Unlike a book, the source code can rarely be read serially end-to-end. Literate programming works only for short enough programs. But times when listings of programs were printed on the paper and read offline are far behind. In the present time, a programmer diving into a new project can do it in an IDE, easily jumping between declarations, definitions and points-of-use or taking advantage of tooltips with documentation of the symbol under the cursor. That all is very good, but my point of view is that comprehending complex code would still benefit from a well thought out reading guide. And revision control can play a central role here.

As was stated above, code is not linear. It consists of various pieces of functionality, features, etc, some of which are cross-cutting. The latter means that the fragments making them up are not localized in a single place but can be scattered in multiple files with no explicit and easily discoverable connections between them. One way to make those connections explicit is to add special comments. Another way is to rely on revision control.

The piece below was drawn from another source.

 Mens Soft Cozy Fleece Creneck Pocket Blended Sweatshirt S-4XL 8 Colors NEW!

Let’s take the most recent version R of the source code and remove some feature F from it, deleting all related code. We will arive at another version P1. In a sense P1 is a precursor of R, since R can be obtained from P1 via the opposite (constructive rather than destructive) transformation. With F absent, we can probably somewhat simplify the code in case its design contained elements that were meant to enable F but now became superfluous. That will lead us to a new revision P2.

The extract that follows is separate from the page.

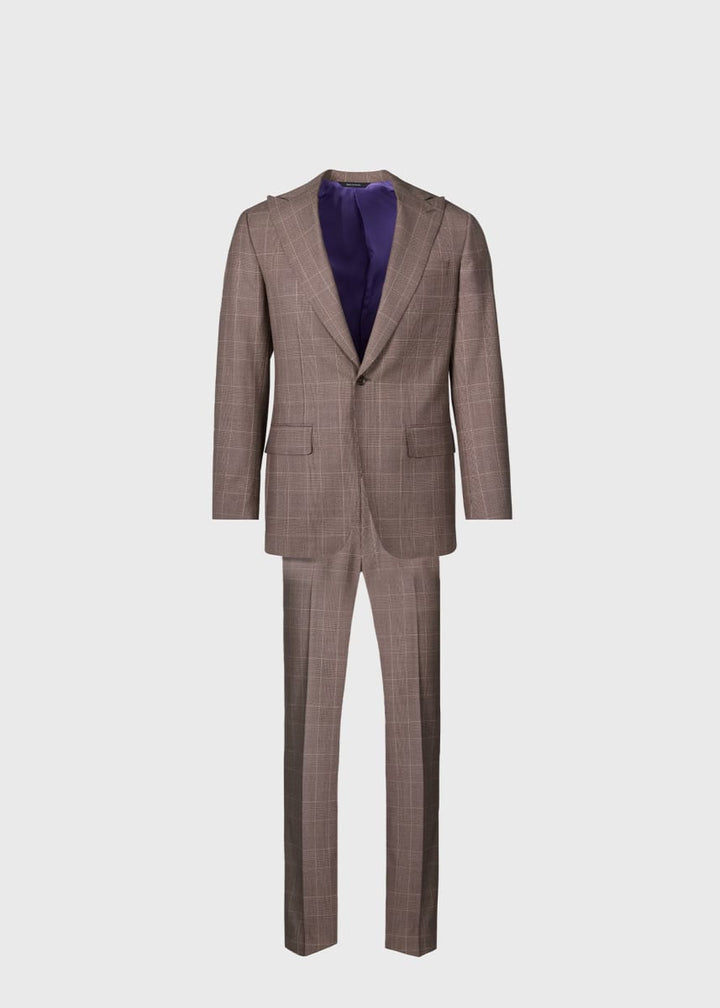 Super 120s Wool Plaid Colman Suit - Solid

Continuing in that way we will arrive at an empty program E [1]. By reversing that history (and assuming that informative commit messages were written describing the constructive flow of changes) we will have one version of the reading guide for the revision R! Other variants of reading guides will correspond to other sequences of “destroying” the full program.

Usually, revision controlled systems only contain the history of how they evolved under development that lead to their current state [2]. For large and sophisticated systems that path is rarely the optimal one - most likely it contains trial-and-error, undoing or redoing of solutions that proved to be unsustainable under new requirements, etc. In some cases the information contained in the evolution history of such a system can largely exceed the volume of its most recent version. Though that can have some positive aspects, e.g. substantiating the solutions ending up in the most recent version, it can also be of not that much help in understanding the latter.

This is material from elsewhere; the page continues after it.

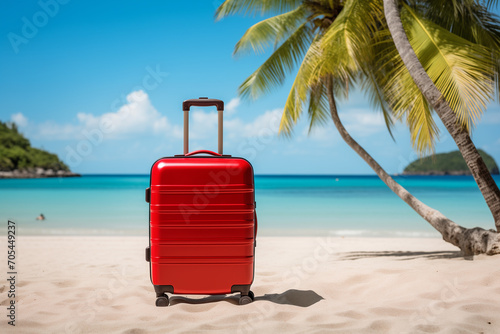 Red suitcase on the sandy beach. Ocean background, sunny day, green palm. Holiday concept © Olivia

The proposed approach asks for a revision control system that allows adding extra paths between any two existing revisions. There must be named revisions and named paths.

Of course, creating those additional paths is extra work. But the more frequently the code is read the sooner that effort will pay off.

Notes

1. Alternatively, we can stop at another reference revision.

2. History rewriting is practised only at a small scale on PR level when reviewers demand from contributors to polish the PR so that it is easier to review.